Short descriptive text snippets
▬▬▬▬▬▬▬▬▬▬

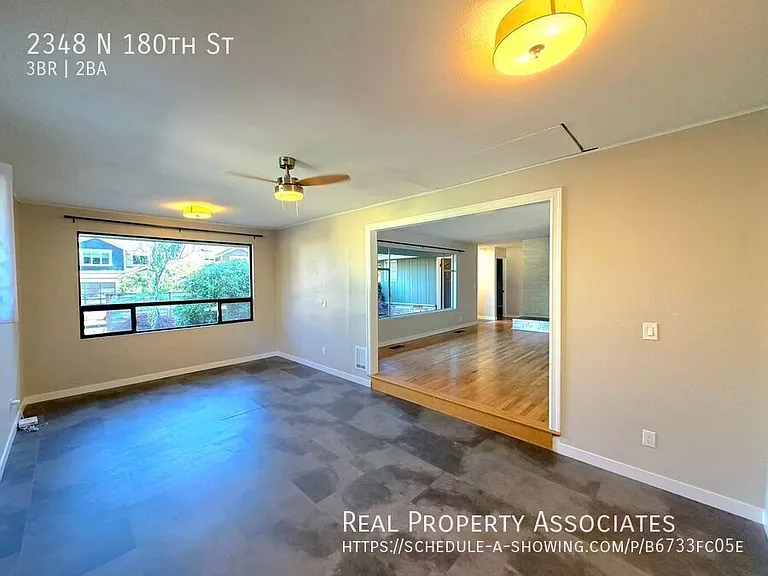 2348 N 180th St — Photo 13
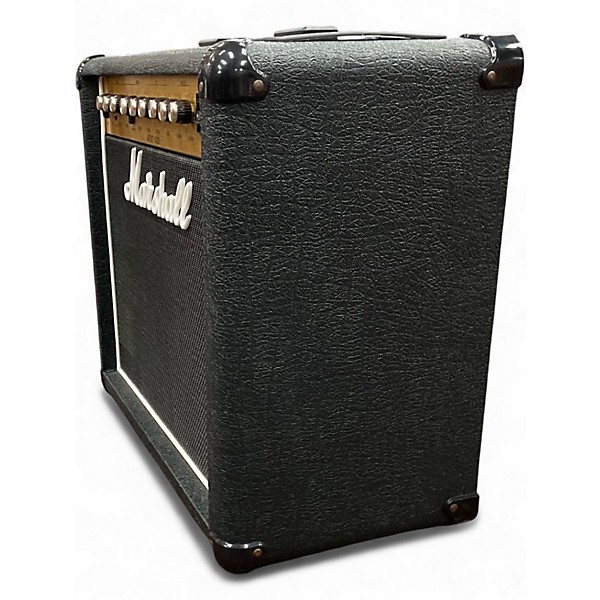 Used Marshall ARTIST 30 4203 Tube Guitar Combo Amp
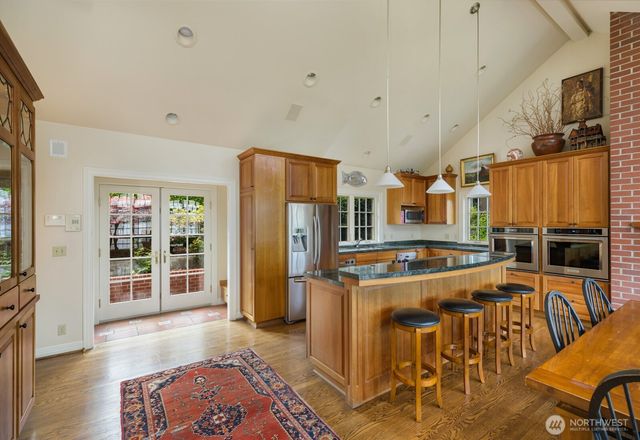 6681 NE Windermere Street, Seattle, WA 98115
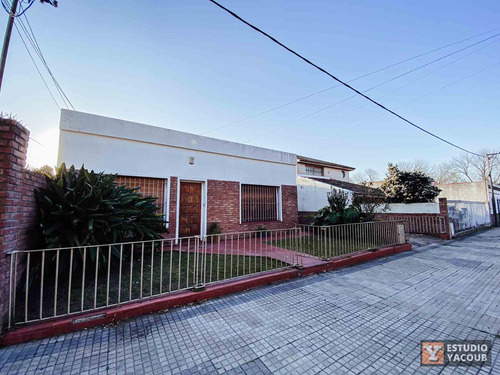 Terreno En Venta - 420mts2 - La Plata [financiado]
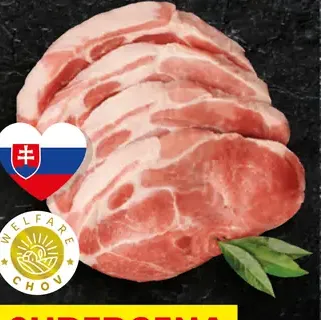 Morčacie krídla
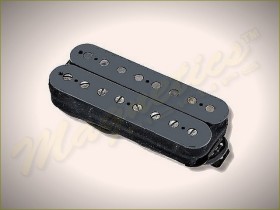 Magnetics™ H8 1981 B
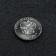 Coin "25 rubles designer Yakovlev", 2020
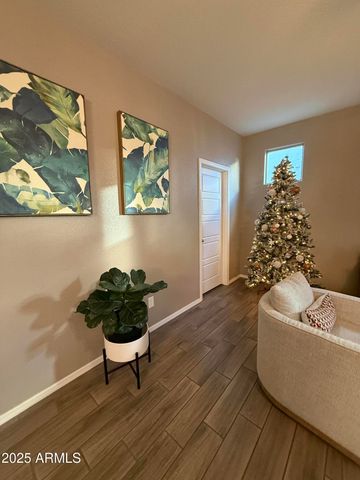 3530 RHAPSODY Drive, Sierra Vista, AZ 85650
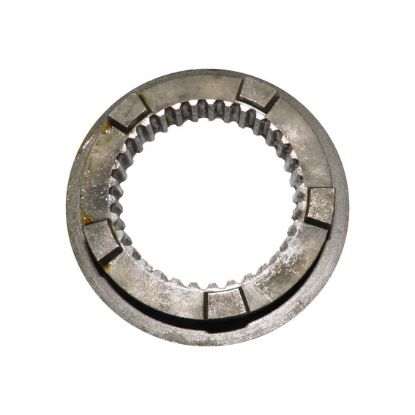 Immagine di COUPLER-4X4 TRANSM.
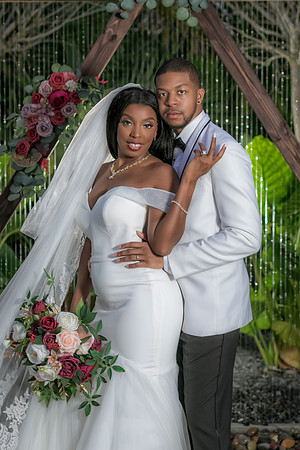 Ash&GZenfolio-52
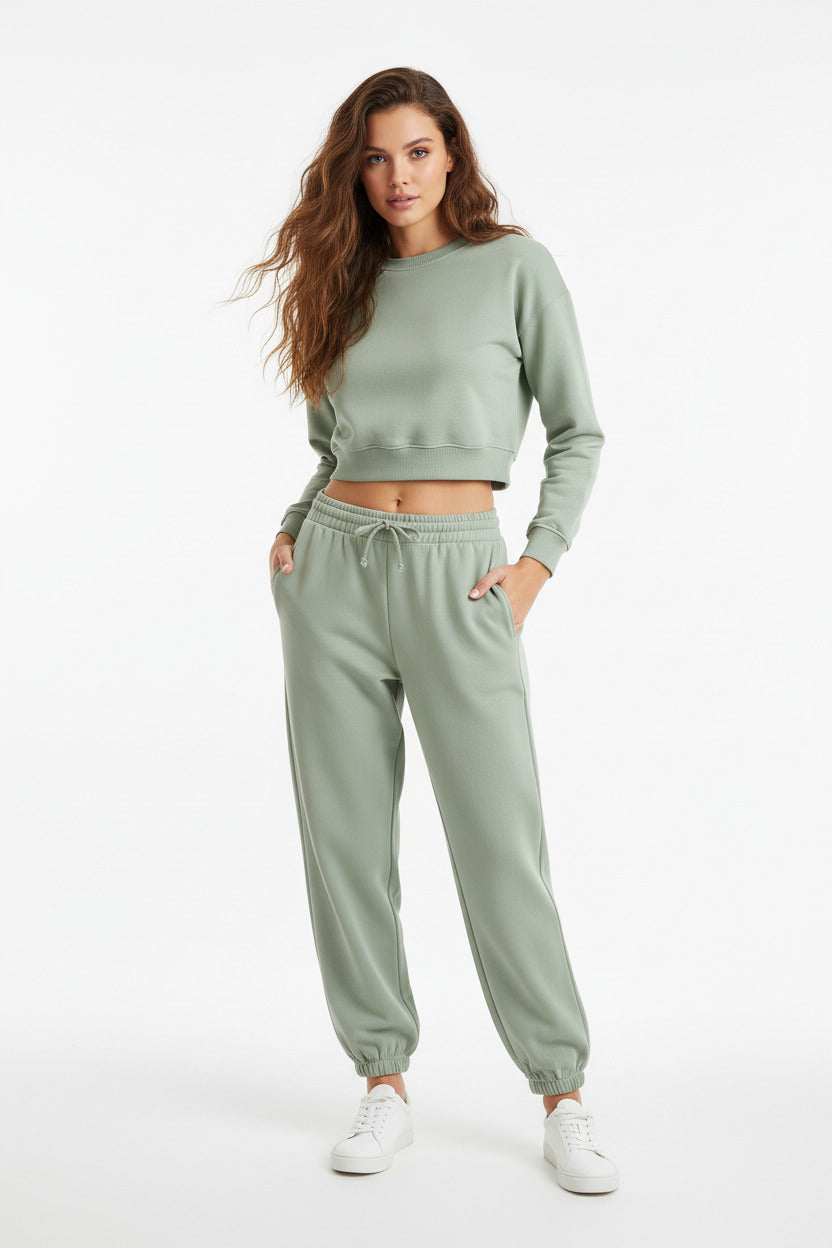 HANA | JOGGER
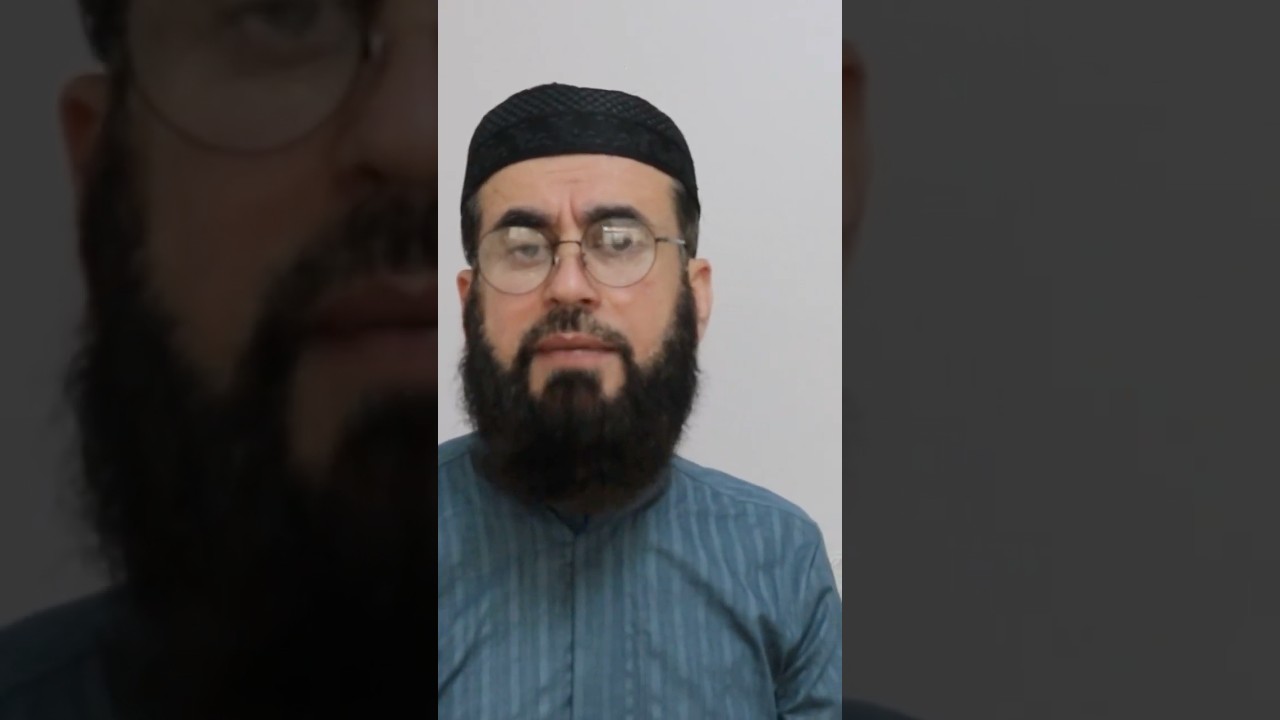 متى يكون لازم القول لازم؟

▬▬▬▬▬▬▬▬▬▬

> **EXERCISE DESCRIPTION**
Repeat the data above exactly, images excluded.

> **RESPONSE FOR THIS EXERCISE**
 2348 N 180th St — Photo 13
 Used Marshall ARTIST 30 4203 Tube Guitar Combo Amp
 6681 NE Windermere Street, Seattle, WA 98115
 Terreno En Venta - 420mts2 - La Plata [financiado]
 Morčacie krídla
 Magnetics™ H8 1981 B
 Coin "25 rubles designer Yakovlev", 2020
 3530 RHAPSODY Drive, Sierra Vista, AZ 85650
 Immagine di COUPLER-4X4 TRANSM.
 Ash&GZenfolio-52
 HANA | JOGGER
 متى يكون لازم القول لازم؟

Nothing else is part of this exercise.